*** Supplied data ***

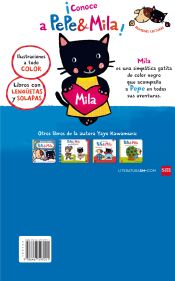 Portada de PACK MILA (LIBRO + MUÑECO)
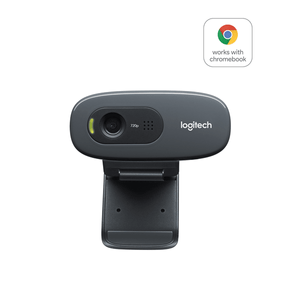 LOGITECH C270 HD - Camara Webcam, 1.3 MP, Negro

***
*** Supplied data ***

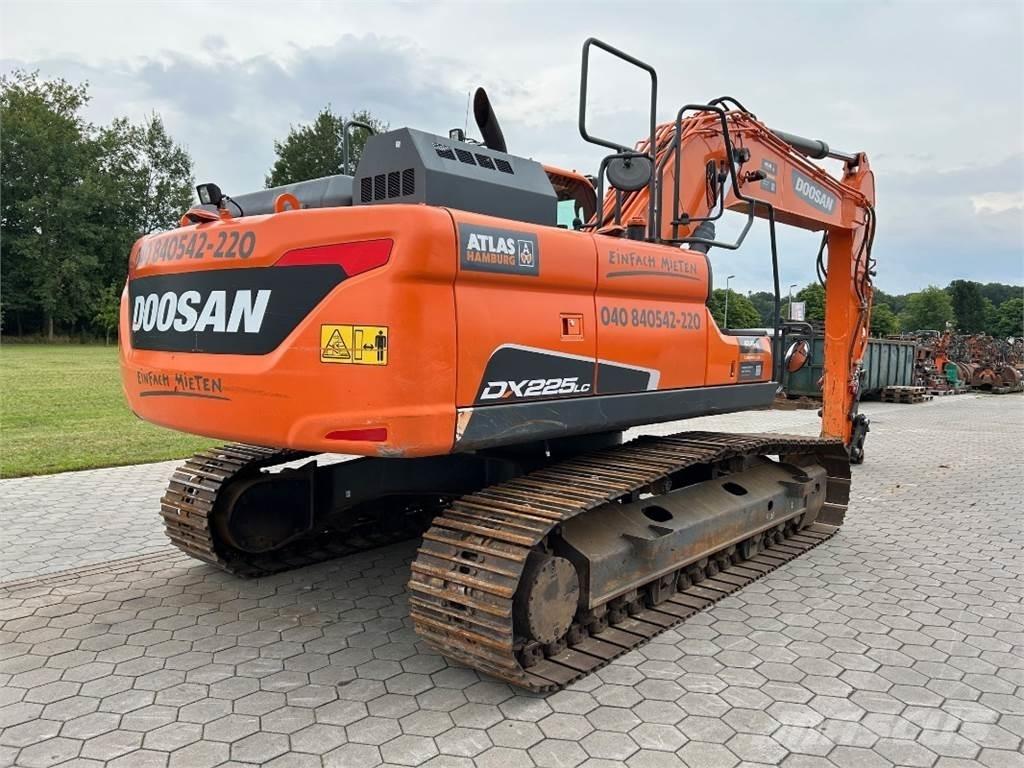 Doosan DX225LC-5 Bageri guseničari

***

Your objective -> Set the pictures aside and retype exactly the lines above from the line with "Portada de PACK MILA (LIBRO + MUÑECO)" to the line with "LOGITECH C270 HD", both included, adding no others.

Solution to this problem ->
 Portada de PACK MILA (LIBRO + MUÑECO)
 LOGITECH C270 HD - Camara Webcam, 1.3 MP, Negro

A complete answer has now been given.